Pittsburgh Steelers Rely on ‘Unsung Heroes’ in March to Championship

By Gary Abdullah and Chuck Gill, Penn State

(Provided photo)

UNIVERSITY PARK – Fans of the Pittsburgh Steelers pro football team know the stars who fueled a come-from-behind victory on Sunday, but they probably don’t know about the Penn State College of Agricultural Sciences’ behind-the-scenes contributions to the win.

The Heinz Field grounds crew faced its own uphill battle restoring the field’s turf after a Pittsburgh Penguins’ New Years’ Day outdoor hockey game rendered it unplayable. Heinz Field assistant sports turf manager Andy Lipinski, a 2002 graduate of Penn State’s famed Turfgrass Management Program, said he and the rest of the grounds crew were in a race against time to completely re-sod the field before the game.

The Steelers played a Thursday night game against the Carolina Panthers, then turned the field over to the National Hockey League to set up a hockey rink for the NHL Winter Classic. Two days after the classic, the NHL returned custody of the field to Lipinski and the grounds crew, leaving them with about five days to replace the destroyed turf with sod shipped from New Jersey.

Not only did they manage to pull it off, but their efforts earned them positive reviews from the Steelers players, coaches and other staff — a group that typically speaks up only when there are problems.

“Everybody thought the field played very well — and I did, too,” Lipinski said. “They were very impressed. Maybe it was because after the hockey game, they were a little worried about how it would turn out, so they were just surprised when it played really well. But we had nothing but good reviews.

“People only notice groundskeepers when something goes wrong. We’re around the trainers and equipment guys on a regular basis, and it’s not very often that they say anything about the fields.”

Pittsburgh doesn’t get many days of winter sunshine, Lipinski explained, and grass goes dormant and stops growing in that climate after late October or early November. Frequent use of Heinz Field by local college and high school teams means that the grass is struggling by the end of the season under the best of circumstances, and the hockey game beat it up even more. So the crew chose to replace the sod instead of trying to re-grow it — a decision that will pay dividends for Sunday’s conference championship game with the New York Jets.

“We made it through this past weekend’s game very well,” he said. “We’ll walk the field and remove divots, but there aren’t very many of those. Aside from repainting the end zones on Thursday and Friday, it should be ready to go.”

The Penn State turfgrass program is one of the first programs of its kind in the nation, and its faculty has received numerous regional and national awards for excellence and innovations in turfgrass science. It was the first to confer a doctorate in turfgrass science, first to offer a two-year technical program specifically for golf course superintendents, and first to offer an undergraduate major in turfgrass science.

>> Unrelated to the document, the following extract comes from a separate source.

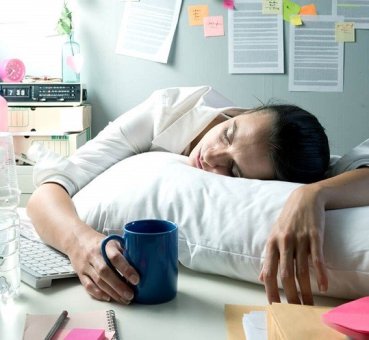 Image of female employee napping at her desk due to exhaustion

The program has graduates employed by many football and baseball teams around the country — which could be awkward when Penn State alumnus Dan Sidle and other graduates on the New York Jets grounds crew come to Pittsburgh for Sunday’s AFC Championship. But, just like Penn State alumni athletes in the NFL, running into and competing against fellow Penn Staters isn’t new for Lipinski.

“I’ve run into Dan at national conferences, but I have not talked to him,” he said. “There are others that are closer — Tony Leonard of the Philadelphia Eagles is a Penn State grad, and I talk to him a lot more. There are many Penn Staters throughout the NFL. Actually, a lot of the guys that we bring in to help out on game days have backgrounds in turf management, and almost all are Penn State graduates.”